Sequential Data

Posted on 2021-09-16 Edited on 2021-09-23 In ML Views:

Symbols count in article: 8.6k Reading time ≈ 8 mins.

Sequential Data

In some cases, we have i.i.d assumptions to allow use to express the likelihood function as the product over all data points of the probability distribution evaluated at each data point. However, in some cases namely sequential data, we may not have i.i.d samples.

Markov Models

To express the sequential dependence of the samples, we can relax the i.i.d assumption and one of the simplest ways to do this is to consider a Markov Model.
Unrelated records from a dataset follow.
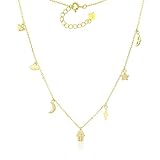 ✔ COLLAR CON 7 DIJES SIMBÓLICOS: Incluye triángulo, ojo, luna, estrella, rayo, alas y la Mano de Fátima. Un diseño lleno de significado y estilo, perfecto para llevar a diario.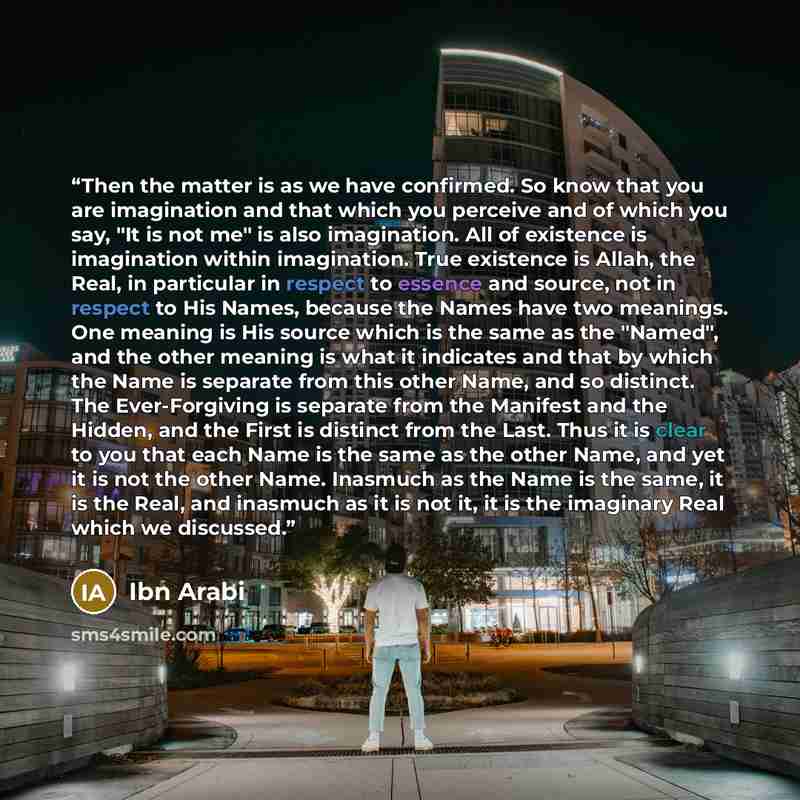 “Then the matter is as we have confirmed. So know that you are imagination and that which you perceive and of which you say, "It is not me" is also imagination. All of existence is imagination within imagination. True existence is Allah, the Real, in particular in respect to essence and source, not…” quote by Ibn Arabi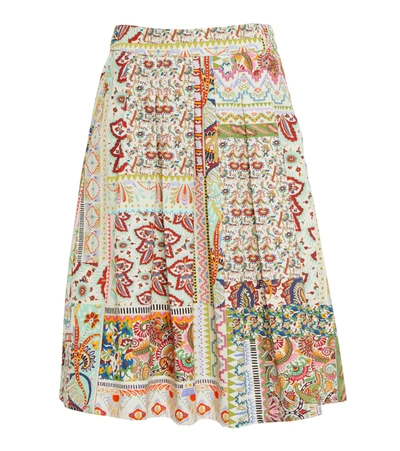 Shop Etro Printed Midi Skirt In Beige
First of all, without loss of generality, we can use the product rule to express the joint distribution for a sequence of observations in the form:

\[P(X_1, ...., X_n) = \prod^N_{n=1} P(X_n | X_1, ..., X_{n-1})\]

If we assume that each of the conditional distributions on the right-hand side is independent of all previous observations except the most recent, we obtain the first-order Markov Chain, which can depicted as graphical model:

The joint distribution for a sequence of \(N\) observations under this model is given by:

\[P(X_1, ..., X_N) = P(X_1) \prod^{N}_{n=2} P(X_n | X_{n-1})\]
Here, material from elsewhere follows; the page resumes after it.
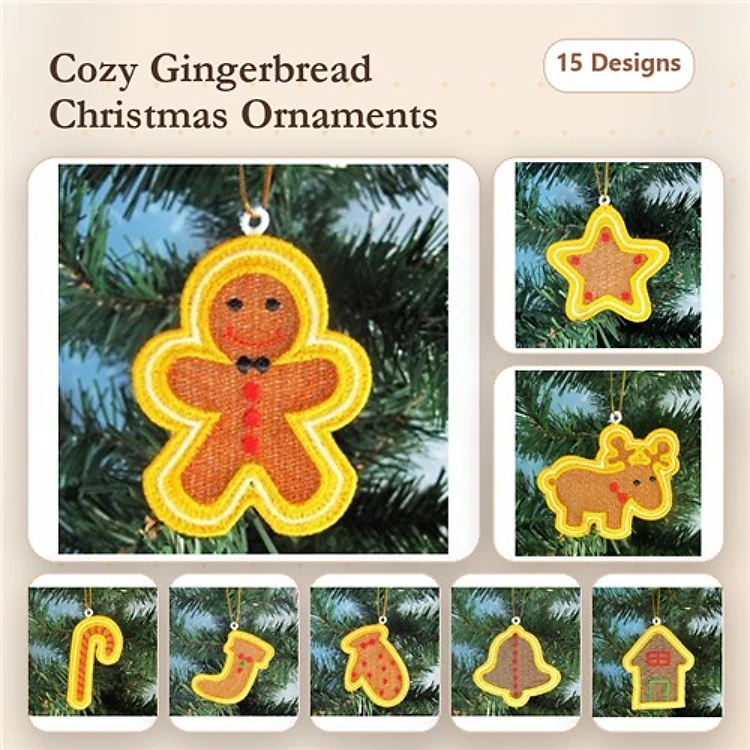 FSL Gingerbread Christmas Ornaments Embroidery Designs Bundle – Gingerbread Man, Star, Reindeer & More (15 Designs)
Thus, if we use such a model to predict the next observation in a sequence, the distribution of predictions will depend only on the value of the immediately preceding observation and will be independent of all earlier observations. In most applications of such models, the conditional distributions \(P(X_n | X_{n-1})\) that define the model will be constrained to be equal, corresponding to a assumption of a stationary time series. The model is then known as the homogeneous Markov Chain (All conditional distribution share the same parameters).

However, first-order Markov model is still restrictive. For many sequential observations, we anticipate that the trends in the data over several successive observations will provide important information in predicting the next value. One way to allow earlier observations to have an influence is to move to higher-order Markov chains, the second-order Markov chain is given by:

\[P(X_1, ..., X_N) = P(X_1) P(X_2 | X_1) \prod^{N}_{n=3} P(X_n | X_{n-1}, X_{n-2})\]
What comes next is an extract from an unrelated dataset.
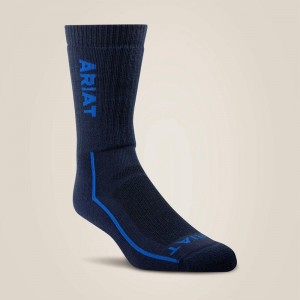 Navy Ariat Heavyweight Merino Wool Steel Toe Performance Work Sock | 15YJUHVLK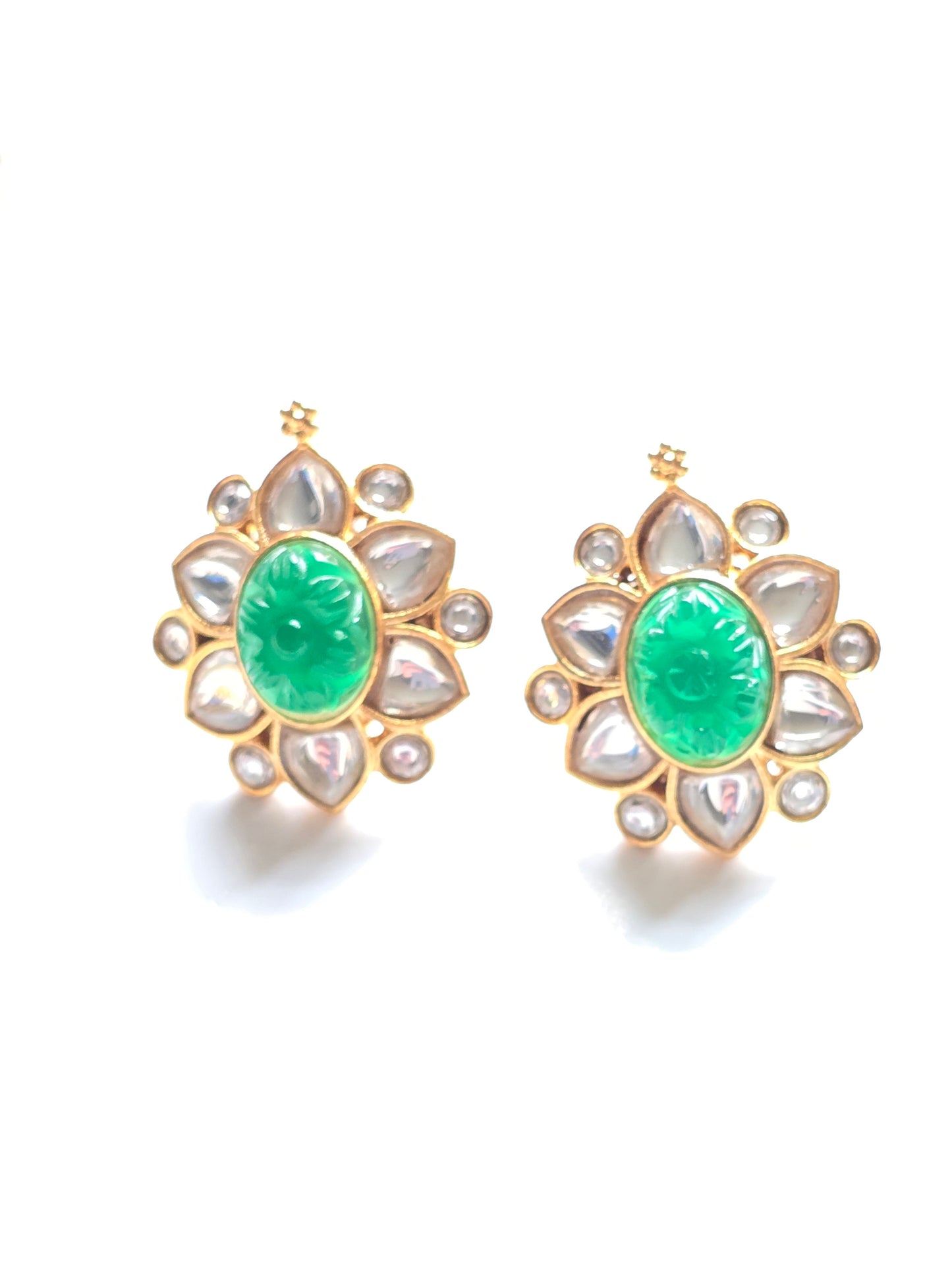 Winifred Kundan Carved Stone Studs Earrings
Suppose we wish to build a model for sequences that is not limited by the Markov assumption to any order and yet that can be specified using a limited number of free parameters. We can achieve this by introducing additional latent variables to permit a rich class of models to be constructed out of simple components, as we did with mixture distributions.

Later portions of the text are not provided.